▶ **EXERCISE REQUIREMENTS**
Begin at the line containing "4 pcs conjunto" in the data below and go on through the line containing "ACERBIS X-Grip Frame", repeating each line exactly; include both ends and no other line.

▶ **RECORDS SHOWN**
##############################

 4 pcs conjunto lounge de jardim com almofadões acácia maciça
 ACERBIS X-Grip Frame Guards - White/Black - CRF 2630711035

##############################

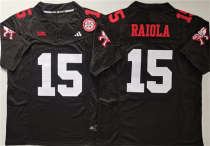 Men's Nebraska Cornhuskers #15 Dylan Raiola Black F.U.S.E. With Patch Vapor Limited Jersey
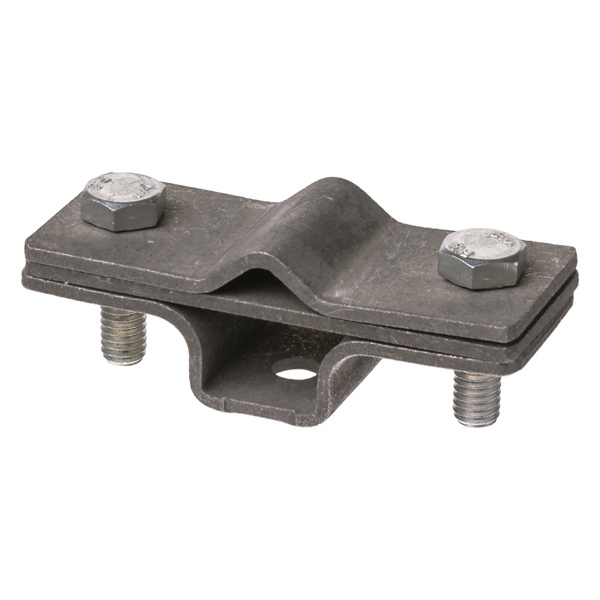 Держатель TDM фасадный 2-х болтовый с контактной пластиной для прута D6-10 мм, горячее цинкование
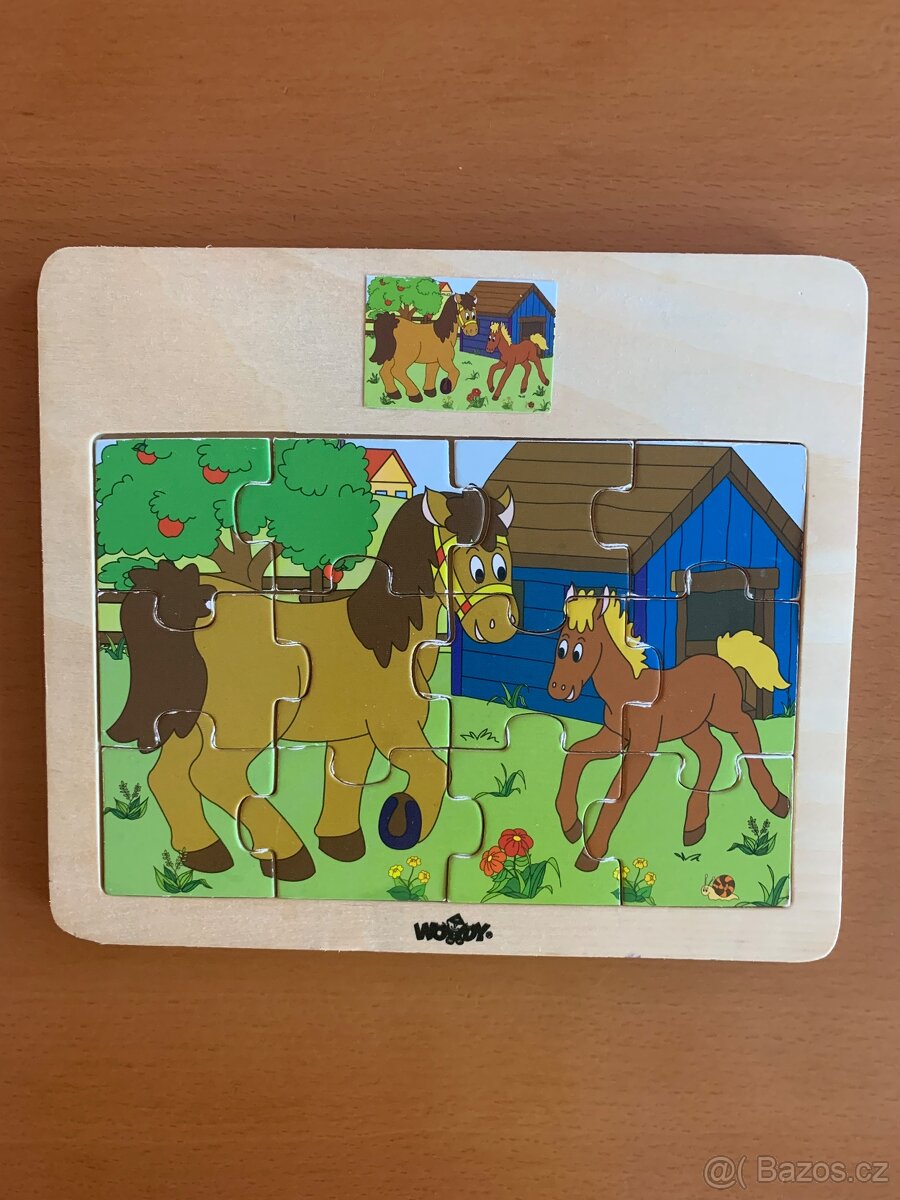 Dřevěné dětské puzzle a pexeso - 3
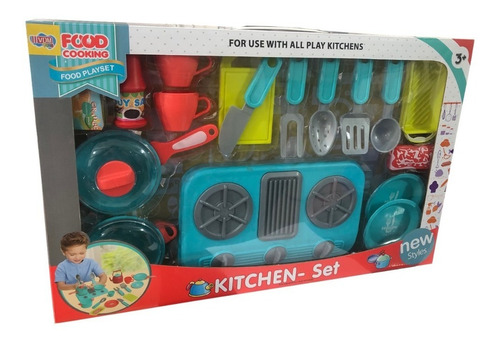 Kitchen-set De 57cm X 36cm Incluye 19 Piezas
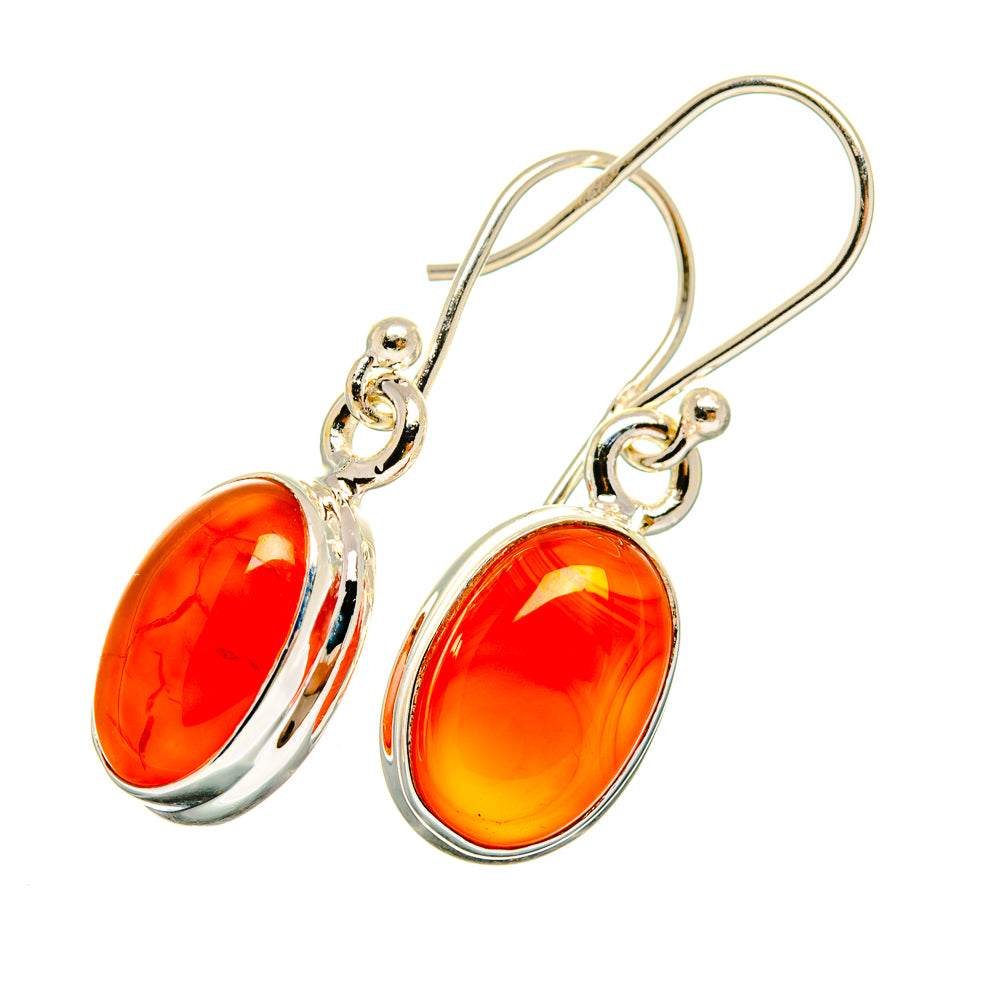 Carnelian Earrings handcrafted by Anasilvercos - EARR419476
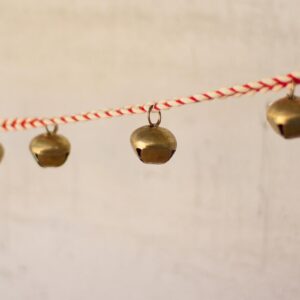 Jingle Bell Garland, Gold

##############################

▶ **TASK OUTPUT**
 4 pcs conjunto lounge de jardim com almofadões acácia maciça
 ACERBIS X-Grip Frame Guards - White/Black - CRF 2630711035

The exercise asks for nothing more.